Review: Arms and the Man

‘a highly recommendable adaptation’

George Bernard Shaw’s Arms and the Man is a curious two-hour play, exploring the highly topical subject of opposing views on the romanticisation of war and the blind idolisation of soldiers through some of the most over the top characters I have encountered on stage. Although I left last night’s performance unsure about the effectiveness of Shaw’s relentlessly farcical script, there is no doubt that DUCT has managed to stage a highly recommendable adaptation of it.

While it is customary in reviews to save praise for the production team till last, their efforts must really be lauded here. Technical Director Caleb Bond’s lighting design was simple yet elegant, even though transitions were at times jarringly quick. The blue moonlight through the windows, the silhouetted night encounter that sets the story into motion, and the colour washes on the mountainous backdrop were all expertly executed yet deceptively effective.
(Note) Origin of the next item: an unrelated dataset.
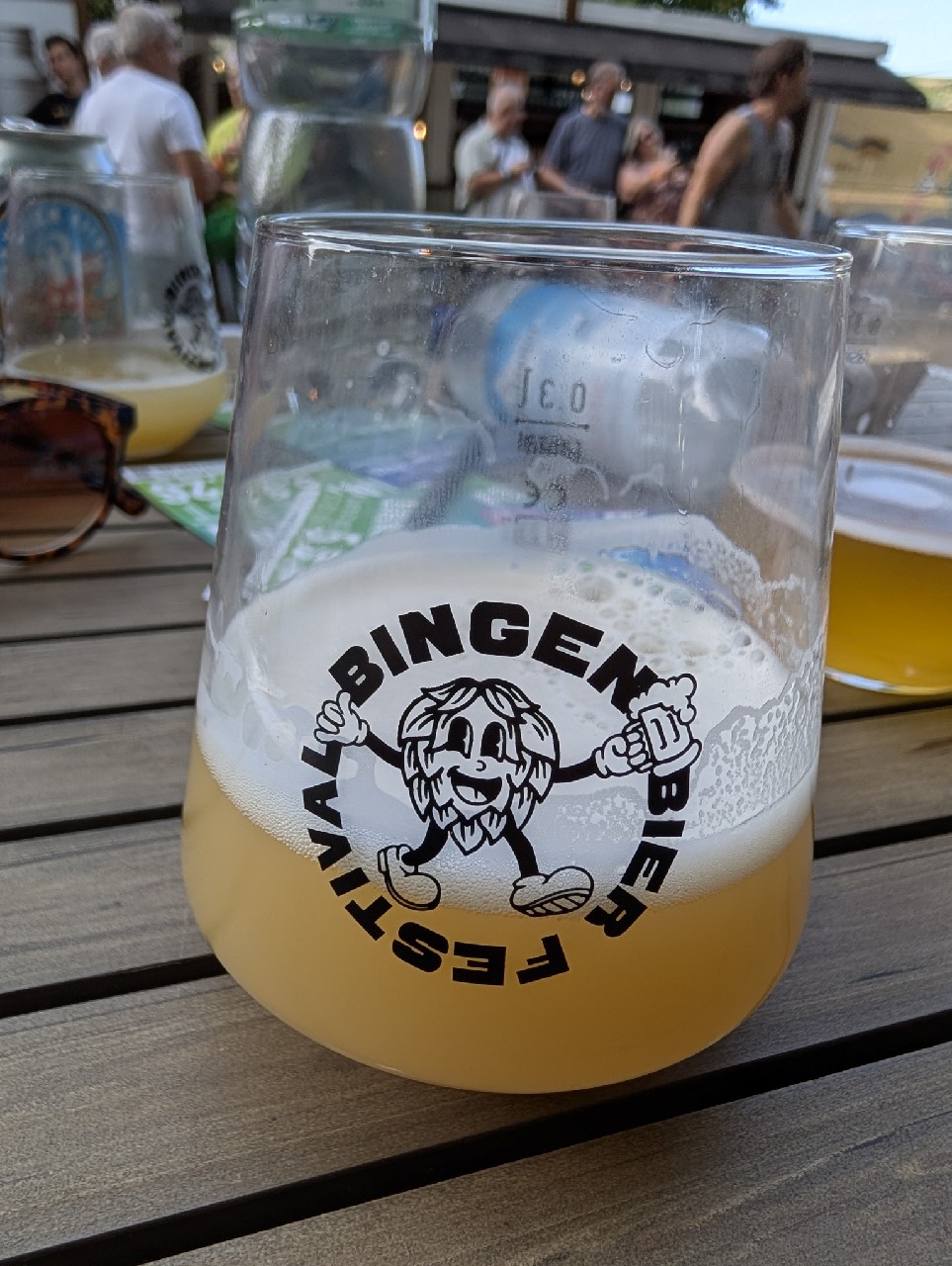 Double Happiness V8 Water Pig, Maktoob Brewing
The producing trio of Zoe Coxon, Charlotte Thomas and Elle Pickston have pulled off a truly impressive feat in masking the Assembly Rooms stage’s odd proportions through deft set dressing that is also pleasantly surprising in its attention to detail. Save for the small misstep of the grotesquely large pink ribbon in Raina’s hair, the costumes are also a massive success – they are beautiful, elaborate and appear to fit the actors from head to toe. Speaking of toes, perhaps the easiest way to tell that a production team has paid attention to every last detail is by observing the actors’ footwear. Often in student productions the shoes are the downfall of authenticity, but I am pleased to say that every member of the cast was wearing an appropriate pair.

Finally, director Sam Westwood and his assistant Steph Horrocks deserve much praise for the thorough execution of a creative vision that resulted in eight distinctly drawn yet layered characters. While the blocking of the first act was at times terribly frustrating – many of Raina Petkoff’s (Izzie Price) reactions and facial expressions were completely lost to the audience – it was not a mistake that can’t be fixed with more directing experience, particularly in the Assembly Rooms.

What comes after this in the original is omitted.